:: Brief ::
Please repeat the entire listing verbatim and keep the pictures out.
"""
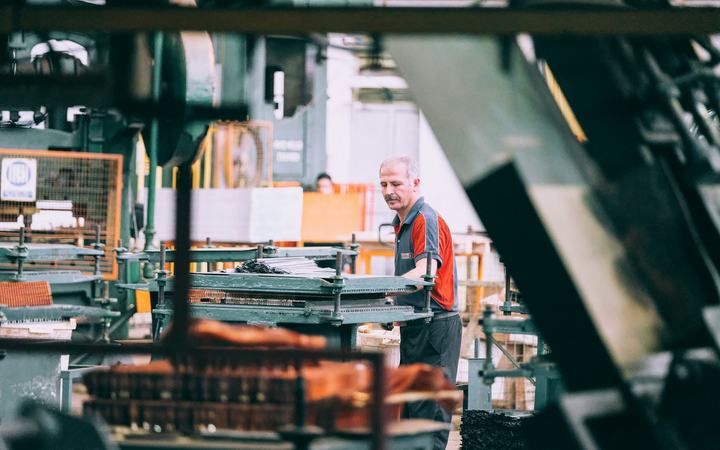 Engineer operating industrial machinery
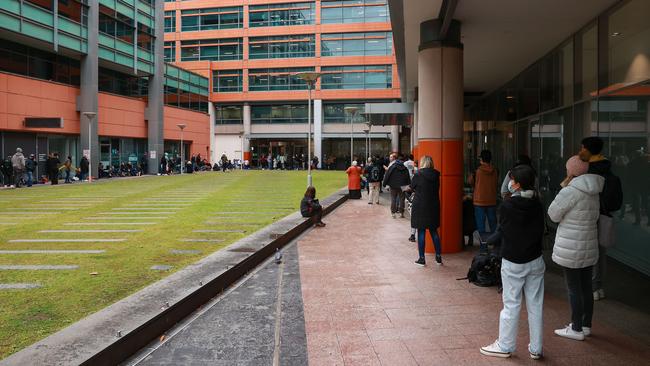 People queuing outside Sydney Passport Office. Picture: Justin Lloyd.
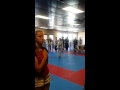 Daniela Robinson sings the National Anthem at taekwondo tou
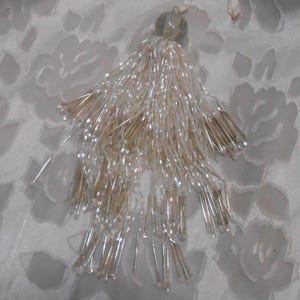 May include: A decorative tassel with a clear, beaded design. The tassel features a cluster of long, thin beads in shades of silver and gold, attached to a small, round, clear bead at the top. The tassel is likely used for embellishment.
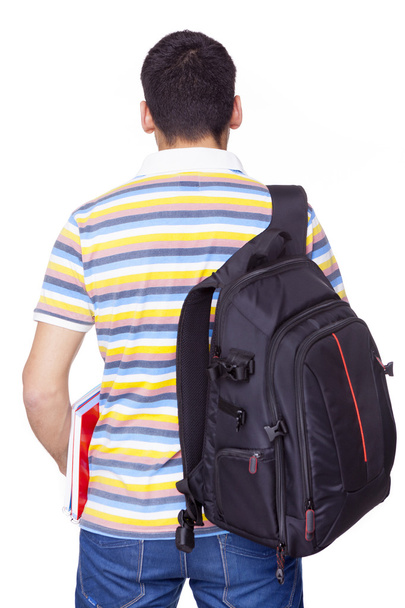 Back view of male student standing - Foto, Bild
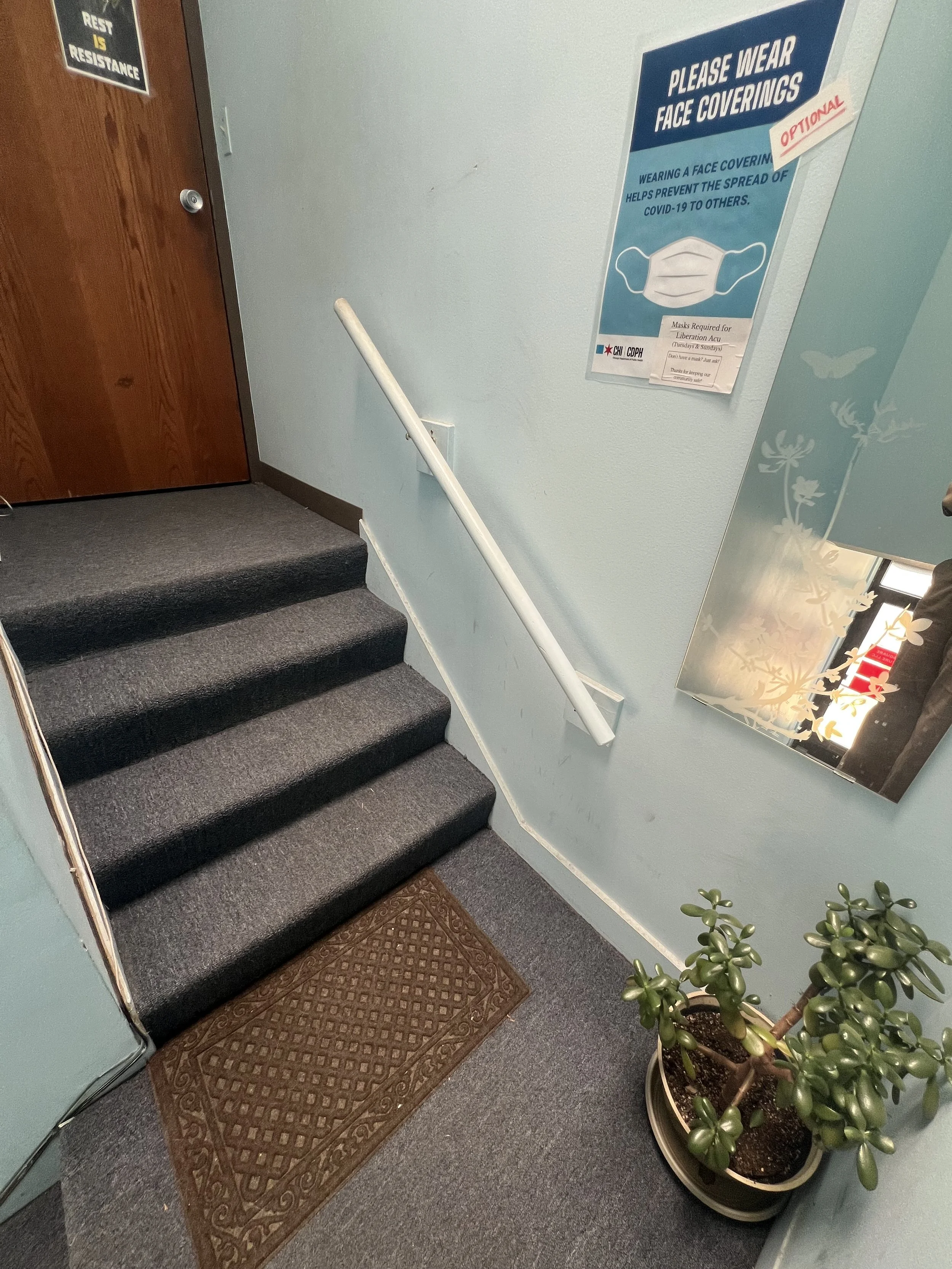 A small platform at the top of the stairs with a mirror, plant, & sign stating that masks are required for Liberation Acu. There are 4 more carpeted stairs on the left, with a hand rail on the right-hand side. The door pushes open into the clinic.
"""
:: Written answer ::
 Engineer operating industrial machinery
 People queuing outside Sydney Passport Office. Picture: Justin Lloyd.
 Daniela Robinson sings the National Anthem at taekwondo tou
 May include: A decorative tassel with a clear, beaded design. The tassel features a cluster of long, thin beads in shades of silver and gold, attached to a small, round, clear bead at the top. The tassel is likely used for embellishment.
 Back view of male student standing - Foto, Bild
 A small platform at the top of the stairs with a mirror, plant, & sign stating that masks are required for Liberation Acu. There are 4 more carpeted stairs on the left, with a hand rail on the right-hand side. The door pushes open into the clinic.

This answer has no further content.